If you have issue with this sort of thing, you should go to Elixir. ;)
These globals are thread local and method local, so these are safe from race conditions.
Though, I too had to dig into it the first time I saw use of these special vars to gain confidence that I wasn't introducing a world of pain when we hit load.
Usually when I've seen digits indexed in a number it occurs from right to left (certainly in binary contexts--bit 0 is the least significant bit and bit 31 is the the most significant bit in a 32 bit integer). So, 123.digits[0] means the least significant digit, 3, whereas 123.digits[2] would give you 1, the most significant digit.
These are all great but when are we getting optional typing? If the js ecosystem wasn't a clown operation my language of choice would be typescript instead of ruby.
I like optional types as well, but more because I'm lazy. The Elm and Haskell people are not complaining about types, and given that every function takes SOMEthing (of some implicit type) and usually spits out SOMEthing (of some implicit type), I can hardly see how it will "dictate the design" more than create a bit more validation code.
Not having this flame war. I have my reasons, you have yours. We will continue writing code using our separate ways. Certain patterns are awkward or even impossible in statically typed languages and you need to bypass the type system to get things done so implicit or not, static type systems have a cost. There is a benefit as well but the kinds of systems I work on I don't need the extra validation. I need the ability to quickly prototype and ship and then layer on the validation, hence the need for optional types.

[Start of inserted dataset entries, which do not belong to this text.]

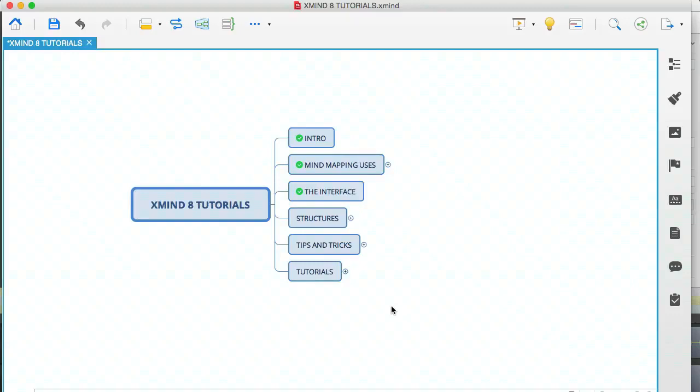Hey, it's Oz here, continuing with the Xmind 8 tutorials video series, and in this module I'm going to be talking about structures.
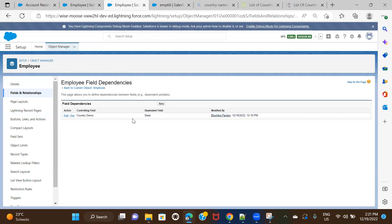That's all I had on field dependency in terms of controlling and dependent picklist values in Salesforce. If you have any additional questions, please comment below and I'll try to resolve them. If there's anything you want to know more about, comment and I'll create another session for that. I'll see you in the next one — bye!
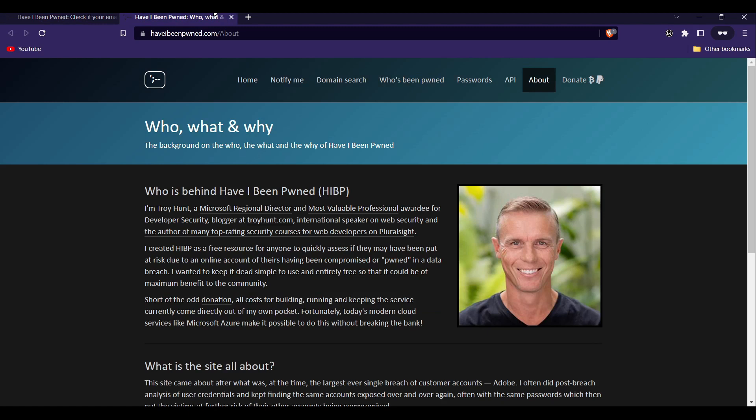The website was created by Troy Hunt in 2013 as a resource for people to check if their email address or password have been compromised in a data breach.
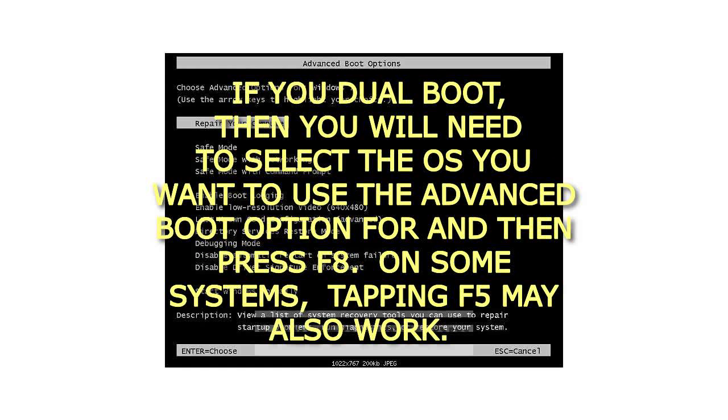If you dual boot, then you will need to select the OS you want to use the Advanced Boot Option for, and then press F8. On some systems, tapping F5 may also work.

Didn't think I was starting a flame war, I thought we were having a stimulating discussion, actually, but the two are often confused online unfortunately. I don't use any statically typed languages myself, so there is no reason for me to advocate for them from a personal bias standpoint, I was just saying that the people who DO use them seem to be pretty sold on them. Your criticisms are valid of course!
That being said, I can't help but shake my head at the section about "multiple assignment of conditionals:
"You can now assign multiple variables within a conditional...You probably shouldn’t do that though."
Am I alone and thinking that it's a little bit hypocritical to specifically add functionality to your language if you don't want people to use it? Or is this just a joke that's gone over my head?